Los Altos’ downtown street closure program will continue through the end of September, the city council decided during its Tuesday (June 23) meeting.
The unanimous vote provides a timeline for Open Streets Los Altos, after a trial run took place last weekend that allowed restaurants to place tables in the streets. Main and State streets will continue to be closed to vehicular traffic from First Street through Fourth Street, from Thursday mornings to Monday mornings.
The resolution asked for the council to close streets through the end of October, but council members said they felt more comfortable with September. The end date will coincide with the last week of the Los Altos Farmers’ Market, which runs on State Street through Sept. 24. The city estimated that the street closures would cost $75,000 if they were to run through October. The figures include a projected $25,000 each for temporary Americans with Disabilities Act-compliant ramps and signage.
During last week’s meeting, city officials presented results from a survey of downtown businesses regarding the first weekend of street closures. Nearly two-thirds of the 49 respondents reported their sales figures were either higher or the same compared to the prior weekend, but more than half said their numbers were still lower compared to the same weekend last year. Twenty-eight businesses said they used the additional outdoor space.
Collaboration in progress
Officials also summarized feedback from two webinars held with 25 business owners June 22. Both retailers and restaurants asked for a consistent timeline for the street closures. Patrons did not encounter problems with parking and largely adhered to social-distancing guidelines, according to the feedback presented.
At least one restaurant owner lamented how retailers and restaurants were being pitted against one another. Retail shops generally saw lower foot traffic and sales based on the webinar feedback, though the city did not release data specific to retailers.
“We really don’t feel that the data reflects properly the feelings and sentiments of the merchants,” said Khatchig Jingirian, the president of Smythe & Cross Fine Jewelry, a shop on Main Street. “For the downtown area to be vibrant, we need a healthy mix of restaurants and other merchants as well. The merchants right now are feeling very neglected through this process”
Jingirian said he had started a “merchant committee,” which was meeting last week to form a more unified voice, collect data that is more representative of retailers and discuss ways to better partner with the downtown restaurant community.

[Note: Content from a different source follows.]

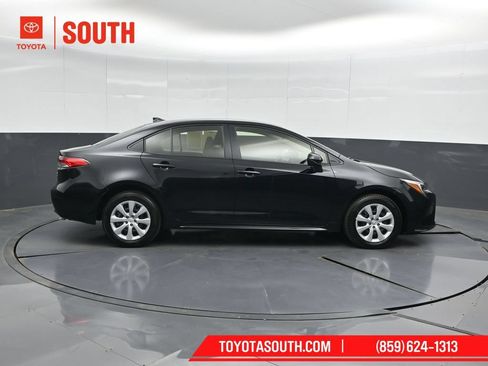 Used 2026 Toyota Corolla LE FWD image 3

“I feel the pain on the restaurant side, but now we are having the pain on our side,” said Millie Talledo, owner of Répéter, a clothing store on State Street. “Closing the street is affecting us and it’s reflecting in our numbers.”
Engineering services director Jim Sandoval, however, noted instances of retailers and restaurants collaborating, such as stores letting restaurants set up tables outside their businesses during certain hours.
“There are a number of examples where (retail shops and restaurants) are working together to make this work,” Sandoval said. “For some of the retail shops, at first it was annoying to them, but eventually they worked out a compromise.”
Residents voice support
A number of residents spoke in support of the street closures, recapping the enjoyable weekend they spent downtown.
“It was an absolute delight to see Los Altos vibrant and safe in a responsible manner with dining in the streets,” said Los Altos resident Boris Teksler, who went downtown twice. “It was really reminiscent of pre-COVID times. … It’s nourishment for the soul. It comes at a time when many of us have COVID-fatigue, and it promotes good neighborhood mental health.”
Patrick Andersson, another resident, said he felt like “we had our town back.”
“My heart lies with the restaurants for sure,” Andersson said. “We can work together as a town to make this work for us and make this a much longer project.”
Steven Aldrich visited the area on Friday, Saturday and Sunday. He enjoyed meals outside, bought running shoes at A Runner’s Mind and picked up takeout for dinner.
“The whole weekend experience made us very comfortable,” Aldrich said. “It made us confident in spending more time downtown.”